La tendencia en muchos sectores es la especialización, y la repostería parece que tampoco escapa a esta forma de hacer negocio cuya clave del éxito está en hacer un único producto de forma artesanal para sacar el máximo partido posible. En Málaga, en apenas un año, hay ya tres obradores especializados en tres productos distintos: tartas de queso, rollos de canela y mochis, un postre japonés.

Manuel Pereira (31) y Gabriela Romero (28) son socios de Dulce Canela desde diciembre de 2020. Un obrador especializado en rollos de canela o cinnamon rolls, muy tradicionales en Suecia y Dinamarca, pero también en América. Manuel es venezolano e ingeniero industrial. Aunque su primer trabajo aquí fue como repartidor de comida. Algo que le ayudó mucho en su proyecto actual ya que conoció el gusto de los malagueños y qué tipo de comida se vendía. Así, durante el confinamiento surgió la idea de montar Dulce Canela: «No había nada en Málaga y durante el confinamiento me puse a estudiar fotografía, marketing y a hacer un estudio de mercado», relata. Con la ayuda de su familia, que en Venezuela tiene una panadería, lanzaron el negocio. Primero sólo a domicilio y tras el éxito ahora también en su local de la calle Omar 16. Allí venden para tomar, recoger o enviar a domicilio. Actualmente, hacen 3.000 rollos al mes y cuentan con 12 sabores que van variando y ampliando. Entre los más populares están el glaseado clásico; pistacho; dulce de leche, oreo, chocolate o tarta de limón. Y en breve, tarta de manzana y conguitos, entre otros. Incluso se han atrevido con un relleno salado, el american roll de jamón cocido y gouda, cubierto de queso cheddar y baicon. «Lo hacemos todo artesano y a diario. Nuestra masa es la receta más tradicional de América, sin cardamomo y más dulce que la sueca», explica Manuel, que ha pasado de rider a empresario.
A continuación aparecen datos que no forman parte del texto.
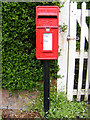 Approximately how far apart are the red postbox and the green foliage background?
535 millimetres

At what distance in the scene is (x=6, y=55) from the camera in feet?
10.3

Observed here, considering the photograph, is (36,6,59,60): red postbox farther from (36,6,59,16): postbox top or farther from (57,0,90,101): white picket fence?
(57,0,90,101): white picket fence

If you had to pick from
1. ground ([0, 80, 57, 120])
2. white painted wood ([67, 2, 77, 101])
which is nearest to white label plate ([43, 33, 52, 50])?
white painted wood ([67, 2, 77, 101])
Ricardo Álvarez y Cristina Amores, propietarios de La Cheesequería. El Delantal

Dos meses de vida tiene La Cheesequería, avenida Mayorazgo, 26. Se trata del primer establecimiento especializado en tartas de queso de Málaga que cuenta con una carta de 20 especialidades que varían con sugerencias y nuevas propuestas. Desde payoyo, idiazabal, queso azul, old Amsterdam 28 meses y torta del Casar; pasando por las más golosas con chocolate blanco, crema de avellanas o caramelo, y las más atrevidas con pistacho, chocolate al 64% o baileys. Pero para crear este exitoso local que se queda sin género casi a diario Ricardo Álvarez y Cristina Amores han pasado por cientos de pruebas hasta dar con el punto exacto. «Hemos encontrado la textura y sabor perfectos para una gran tarta de queso», apostilla Cristina. Explica que la idea surgió en El Caserito, su anterior negocio para hacer comidas a domicilio en plena pandemia, y donde descubrieron el éxito de su tarta de queso. Pese a que es un postre tradicional es tendencia en toda España. Ellos lo sabían y ahora son pioneros.

Mochis artesanos de Mochinori,  pastelería japonesa.

Mochis artesanos de Mochinori, pastelería japonesa. El Delantal

Nori Yanakawa es japonesa, es extremadamente perfeccionista, paciente, tradicional y amante de su trabajo. Su formación en su país de origen. Primero arte y posteriormente se especializó en repostería tradicional japonesa. Su deseo era venir a España y dar a conocer los mochis, tradicional postre nipón. En julio de 2020, afincada en Málaga, decidió abrir su página de Instagram, Mochinori.

Ella lo realiza todo artesanalmente, que luego sirve a domicilio, sólo por encargo. La frescura es máxima.

Su carta consta de 15 sabores, que varían al trabajar productos frescos y de temporada. Pero el valor añadido de los mochis de Nori es que sus rellenos son de mousses, compotas, mermeladas o cremas, alejados de los helados y texturas glutinosas industriales, conocidos en España. Todo es casero. Los más demandados son de mousse de té matcha; hierbabuena, chocolate, jengibre, tarta de queso estilo japonés o mojito. Su éxito la ha llevado a enviar a toda España.